- _What is needed_: Please print each record exactly, omitting none of them.

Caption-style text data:

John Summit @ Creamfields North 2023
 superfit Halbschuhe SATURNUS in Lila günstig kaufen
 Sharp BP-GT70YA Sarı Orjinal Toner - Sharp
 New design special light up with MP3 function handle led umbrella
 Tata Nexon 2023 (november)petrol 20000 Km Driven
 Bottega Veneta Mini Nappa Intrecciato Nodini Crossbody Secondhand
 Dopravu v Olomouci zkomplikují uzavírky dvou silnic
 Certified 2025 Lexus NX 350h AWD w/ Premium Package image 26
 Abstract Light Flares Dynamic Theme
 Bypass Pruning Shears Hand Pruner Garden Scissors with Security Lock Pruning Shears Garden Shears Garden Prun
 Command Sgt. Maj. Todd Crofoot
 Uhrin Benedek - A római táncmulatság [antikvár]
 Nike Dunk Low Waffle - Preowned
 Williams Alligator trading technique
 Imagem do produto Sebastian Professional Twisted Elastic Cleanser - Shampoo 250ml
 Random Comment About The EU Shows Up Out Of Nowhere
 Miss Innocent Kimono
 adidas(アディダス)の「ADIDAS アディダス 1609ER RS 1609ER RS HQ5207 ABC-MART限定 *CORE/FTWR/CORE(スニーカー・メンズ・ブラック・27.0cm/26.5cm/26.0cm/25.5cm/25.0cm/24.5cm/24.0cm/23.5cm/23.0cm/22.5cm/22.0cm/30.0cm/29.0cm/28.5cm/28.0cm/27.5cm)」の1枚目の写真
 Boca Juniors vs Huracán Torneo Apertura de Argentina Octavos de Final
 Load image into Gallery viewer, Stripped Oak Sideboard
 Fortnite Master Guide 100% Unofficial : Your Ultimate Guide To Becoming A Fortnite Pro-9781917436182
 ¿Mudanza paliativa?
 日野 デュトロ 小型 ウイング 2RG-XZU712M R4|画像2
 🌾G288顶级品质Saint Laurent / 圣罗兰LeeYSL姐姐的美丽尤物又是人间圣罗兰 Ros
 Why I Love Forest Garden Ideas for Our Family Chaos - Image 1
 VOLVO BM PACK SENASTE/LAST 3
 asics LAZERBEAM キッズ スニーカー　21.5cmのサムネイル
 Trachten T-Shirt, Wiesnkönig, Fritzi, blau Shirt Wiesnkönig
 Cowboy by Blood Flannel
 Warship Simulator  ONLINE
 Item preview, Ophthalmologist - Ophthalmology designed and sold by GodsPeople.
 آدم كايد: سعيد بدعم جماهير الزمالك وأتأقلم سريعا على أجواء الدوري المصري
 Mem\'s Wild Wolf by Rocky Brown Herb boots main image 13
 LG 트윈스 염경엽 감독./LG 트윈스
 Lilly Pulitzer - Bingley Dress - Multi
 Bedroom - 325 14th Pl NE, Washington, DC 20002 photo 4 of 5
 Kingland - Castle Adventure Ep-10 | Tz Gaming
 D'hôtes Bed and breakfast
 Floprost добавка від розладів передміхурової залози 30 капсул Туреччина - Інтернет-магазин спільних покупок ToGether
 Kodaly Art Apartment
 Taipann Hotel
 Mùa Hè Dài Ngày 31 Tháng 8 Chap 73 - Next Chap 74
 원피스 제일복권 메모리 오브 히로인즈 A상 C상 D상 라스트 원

- _Solution to this exercise_:
John Summit @ Creamfields North 2023
 superfit Halbschuhe SATURNUS in Lila günstig kaufen
 Sharp BP-GT70YA Sarı Orjinal Toner - Sharp
 New design special light up with MP3 function handle led umbrella
 Tata Nexon 2023 (november)petrol 20000 Km Driven
 Bottega Veneta Mini Nappa Intrecciato Nodini Crossbody Secondhand
 Dopravu v Olomouci zkomplikují uzavírky dvou silnic
 Certified 2025 Lexus NX 350h AWD w/ Premium Package image 26
 Abstract Light Flares Dynamic Theme
 Bypass Pruning Shears Hand Pruner Garden Scissors with Security Lock Pruning Shears Garden Shears Garden Prun
 Command Sgt. Maj. Todd Crofoot
 Uhrin Benedek - A római táncmulatság [antikvár]
 Nike Dunk Low Waffle - Preowned
 Williams Alligator trading technique
 Imagem do produto Sebastian Professional Twisted Elastic Cleanser - Shampoo 250ml
 Random Comment About The EU Shows Up Out Of Nowhere
 Miss Innocent Kimono
 adidas(アディダス)の「ADIDAS アディダス 1609ER RS 1609ER RS HQ5207 ABC-MART限定 *CORE/FTWR/CORE(スニーカー・メンズ・ブラック・27.0cm/26.5cm/26.0cm/25.5cm/25.0cm/24.5cm/24.0cm/23.5cm/23.0cm/22.5cm/22.0cm/30.0cm/29.0cm/28.5cm/28.0cm/27.5cm)」の1枚目の写真
 Boca Juniors vs Huracán Torneo Apertura de Argentina Octavos de Final
 Load image into Gallery viewer, Stripped Oak Sideboard
 Fortnite Master Guide 100% Unofficial : Your Ultimate Guide To Becoming A Fortnite Pro-9781917436182
 ¿Mudanza paliativa?
 日野 デュトロ 小型 ウイング 2RG-XZU712M R4|画像2
 🌾G288顶级品质Saint Laurent / 圣罗兰LeeYSL姐姐的美丽尤物又是人间圣罗兰 Ros
 Why I Love Forest Garden Ideas for Our Family Chaos - Image 1
 VOLVO BM PACK SENASTE/LAST 3
 asics LAZERBEAM キッズ スニーカー　21.5cmのサムネイル
 Trachten T-Shirt, Wiesnkönig, Fritzi, blau Shirt Wiesnkönig
 Cowboy by Blood Flannel
 Warship Simulator  ONLINE
 Item preview, Ophthalmologist - Ophthalmology designed and sold by GodsPeople.
 آدم كايد: سعيد بدعم جماهير الزمالك وأتأقلم سريعا على أجواء الدوري المصري
 Mem\'s Wild Wolf by Rocky Brown Herb boots main image 13
 LG 트윈스 염경엽 감독./LG 트윈스
 Lilly Pulitzer - Bingley Dress - Multi
 Bedroom - 325 14th Pl NE, Washington, DC 20002 photo 4 of 5
 Kingland - Castle Adventure Ep-10 | Tz Gaming
 D'hôtes Bed and breakfast
 Floprost добавка від розладів передміхурової залози 30 капсул Туреччина - Інтернет-магазин спільних покупок ToGether
 Kodaly Art Apartment
 Taipann Hotel
 Mùa Hè Dài Ngày 31 Tháng 8 Chap 73 - Next Chap 74
 원피스 제일복권 메모리 오브 히로인즈 A상 C상 D상 라스트 원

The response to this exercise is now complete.